Die jungen Darsteller waren es dann auch, die bei dieser 64. Festivalausgabe einen starken Eindruck hinterließen. Wie ängstlich, schüchtern, forsch und selbstbewusst der „Junge mit dem Fahrrad“ spielte, beeindruckte viele. Auch der Österreicher David Rauchenberger verkörperte seine Rolle als zehnjähriger „Michael“ im Debüt von Markus Schleinzer einprägsam - als Junge, der von einem Pädophilen in den Keller gesperrt und missbraucht wird.

Die Bilder des jungen, verschlossenen Amokläufers aus „We Need to Talk About Kevin“ der Britin Lynne Ramsay blieben ebenfalls länger haften. Auch Tilda Swinton überzeugte als Kevins Mutter. Wie sie die verzweifelte Frau zwischen Selbsthass, Unsicherheit und Opferrolle spielt, war oft abstoßend, aber gerade deswegen grandios. Und Kirsten Dunst, bisher vor allem als „Spiderman“-Freundin aufgefallen, bewies als depressive Braut in Lars von Triers „Melancholia“ ähnlich bemerkenswerte Kraft und Leinwandpräsenz.

Andere gute Frauenrollen gab es dagegen deutlich weniger.
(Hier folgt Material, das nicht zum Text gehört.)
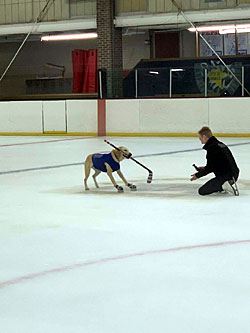Benny Approaching His Trainer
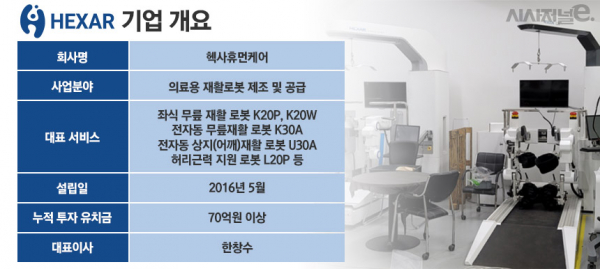 헥사휴먼케어 기업 개요./ 표=정승아 디자이너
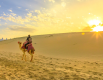 Desert Safari Abu Dhabi | Dubai Desert Ride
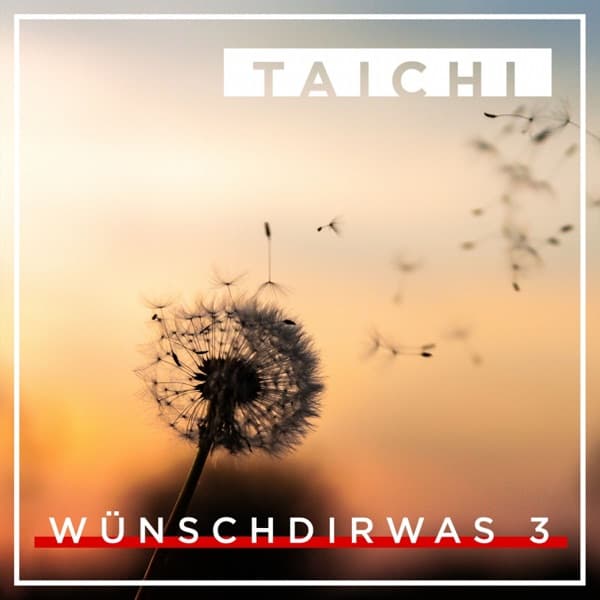 Taichi - Wünsch dir was 3 Taichi - Wünsch dir was 3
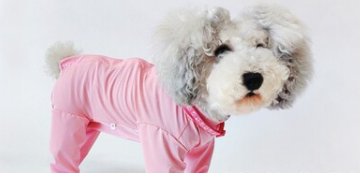 https://fulmo-img-server.com/perry-dog/1788154252059_f05dfmfd_tz6y2r7i.png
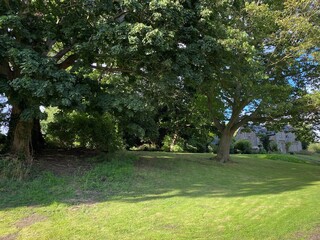 Old trees, in a lawn setting, with old houses in the background, in the village of, Wensley, Leyburn, UK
Entweder kamen gar keine Frauen vor - wie im Papstfilm „Habemus Papam“ - oder sie durften nur mit ihren weiblichen Reizen spielen wie in dem Bordell-Historiendrama „House of Tolerance“.
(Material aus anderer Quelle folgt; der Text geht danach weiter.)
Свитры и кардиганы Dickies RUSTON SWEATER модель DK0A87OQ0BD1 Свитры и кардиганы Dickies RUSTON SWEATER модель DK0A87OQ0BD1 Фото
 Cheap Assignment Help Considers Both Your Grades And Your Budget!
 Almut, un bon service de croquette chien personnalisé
Dann gab es da noch die Werke, die gänzlich aus dem Rahmen fielen, und eben wegen ihrer eigenen Handschrift ebenfalls aussichtsreiche Kandidaten auf einen Preis sein könnten: Lars von Triers „Melancholia“ etwa. Das düstere Apokalypsen-Szenario bietet überwältigende Bilder - ebenso wie Terrence Malicks „The Tree of Live“ mit Brad Pitt und Sean Penn: Ein Familiendrama und eine philosophische Suche nach dem Sinn des Lebens, verwoben mit atemberaubenden Naturaufnahmen zur Schöpfung der Erde. Das wurde von den Kritikern entweder geliebt oder gehasst.

Fast einhellig positiv fiel dagegen das Urteil zu „The Artist“ des Franzosen Michel Hazanavicius aus. Der Stummfilm in Schwarz-Weiß begeisterte durch seinen Witz und als große Hommage an das Kino. Es könnte es im Jahr 2011 keinen ausgefalleneren Preisträger als diesen geben.